鹿野司『サはサイエンスのサ』

サはサイエンスのサ

サはサイエンスのサ

S-Fマガジンではもうずいぶん昔から連載しているので、ネタが古くなっているじゃないかな〜なんて思ったんだけど、そんなことはないんだよね。2009年末の時点での最新情報が盛りだくさんで、いろいろとためになるし。「あとがき」ではなぜこのような文体にしているのかという理由まで書かれていて、へ〜なるほどね〜って感じ。
ということで、内容も盛りだくさんだし、読んでよかった。連載時にはもっとハードな物理・数理ネタもあったと思うけど、そういうのは思い切ってカットしたのかもしれない。
個人的には、『風の谷のナウシカ』の映画は駄作だけど原作の漫画の評価ポイントにはとても同意。一方で、口に出すのもはばかられる掲示板とか動画サイトについては、そんなにたいしたもんじゃあないと思うし、それらの存在が社会や科学にどれくらい貢献しているかというと、微妙なところだと思う。
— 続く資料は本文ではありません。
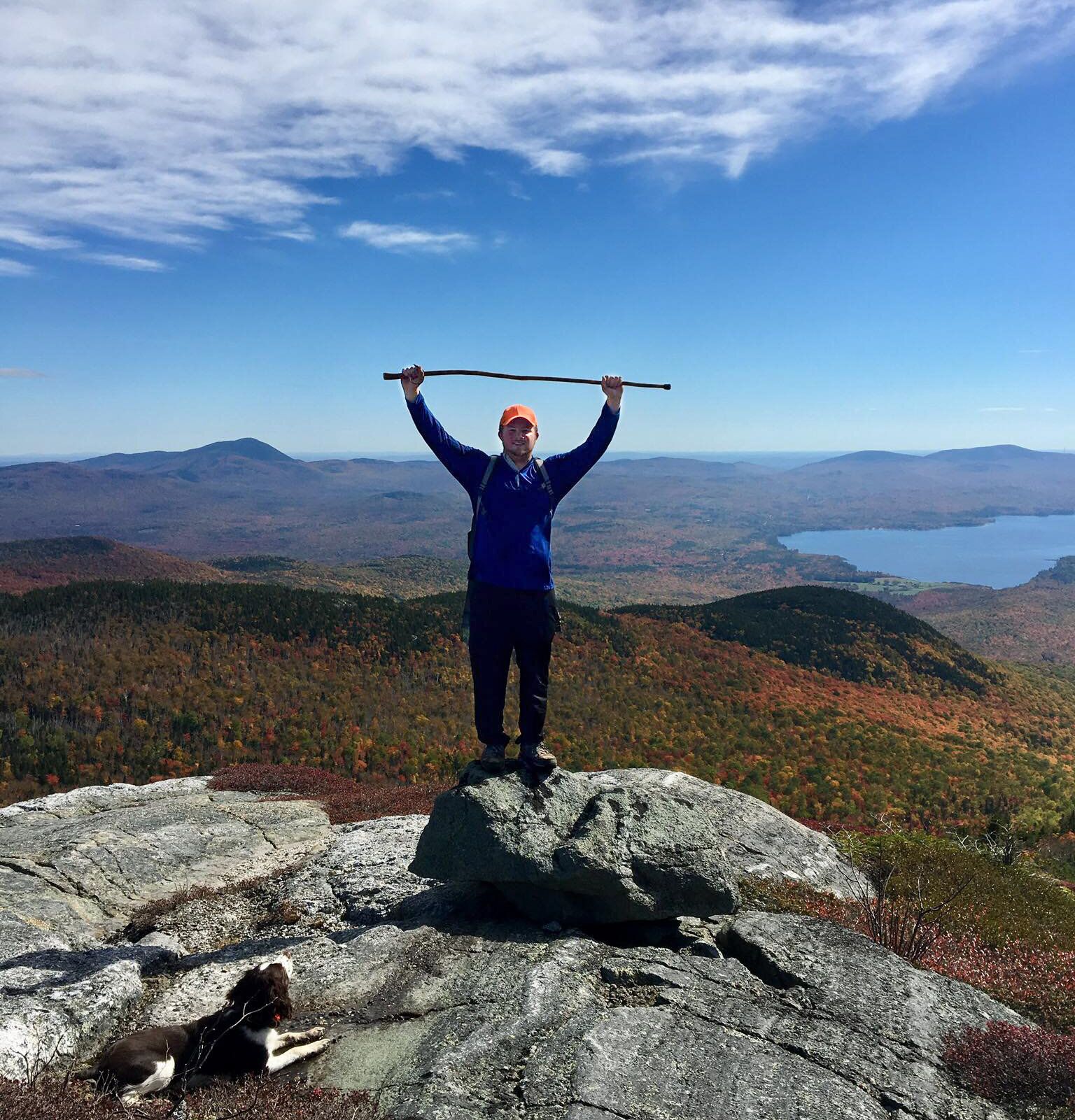 A man stands on top of a rock holding a pole over his head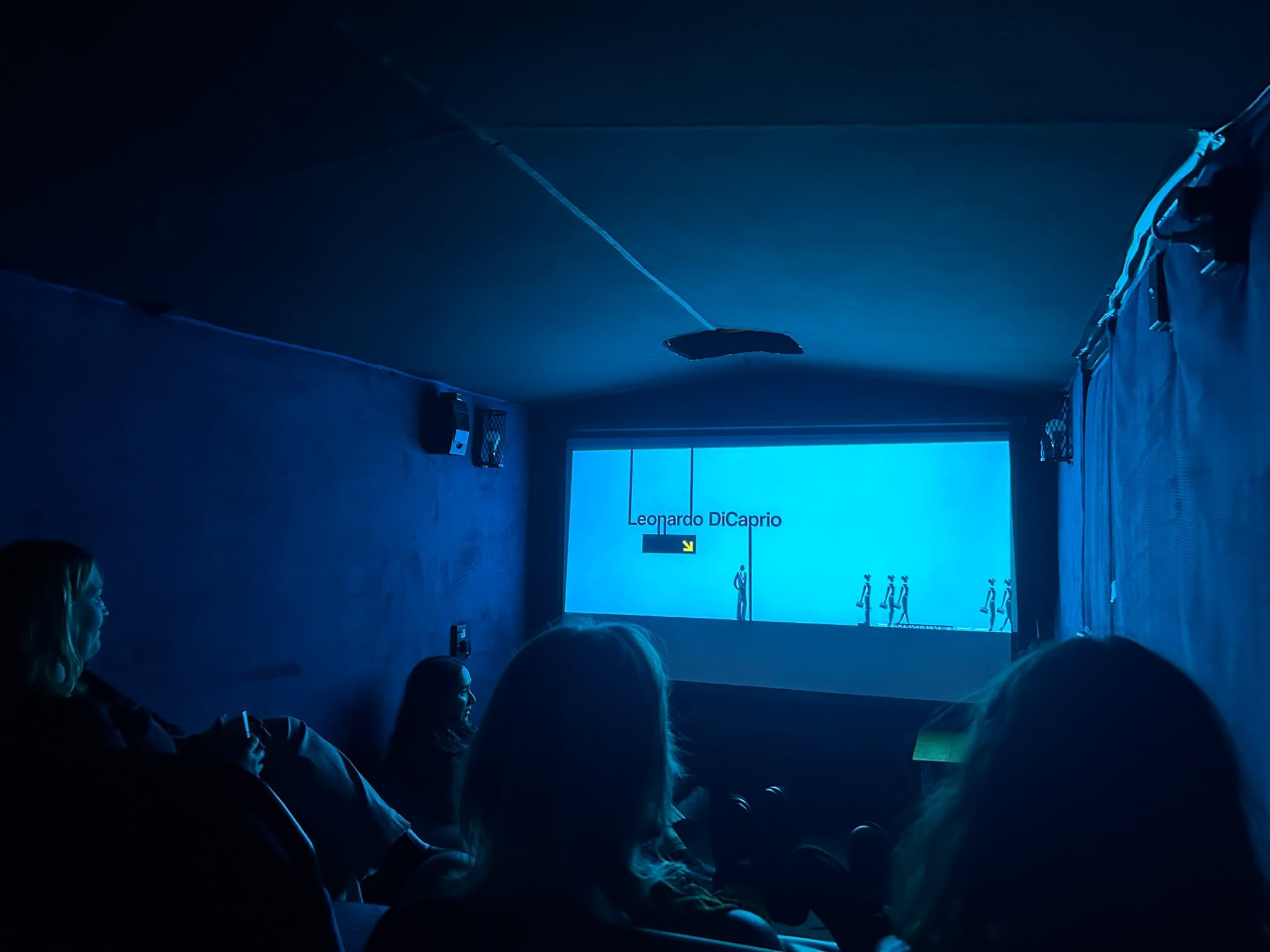 Darkened room with people seated, large screen displaying 'Leonardo DiCaprio' at the front, and blue lighting.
文化や文学という観点では、確かにそれらなしでは立ち行かなくなっている部分があるけれど。
語り口だけではなく、著者が主張している内容も、あえて楽天的に見えるようにしているのではないかというフシがある。でも今はそういう楽天さがあってもいいのかもしれないなあ。もちろん、馬鹿になれという意味ではなくて、基本的な科学的な見方を身に付けたうえで、むしろ悲観的にならないように意識する、というか。いや、おれ自身は人類の未来にはとことん悲観的な要素しか見いだせないし人類なんか滅んでしまえばいいと思ってるんで、みんなは楽観的になるといいと思うよ。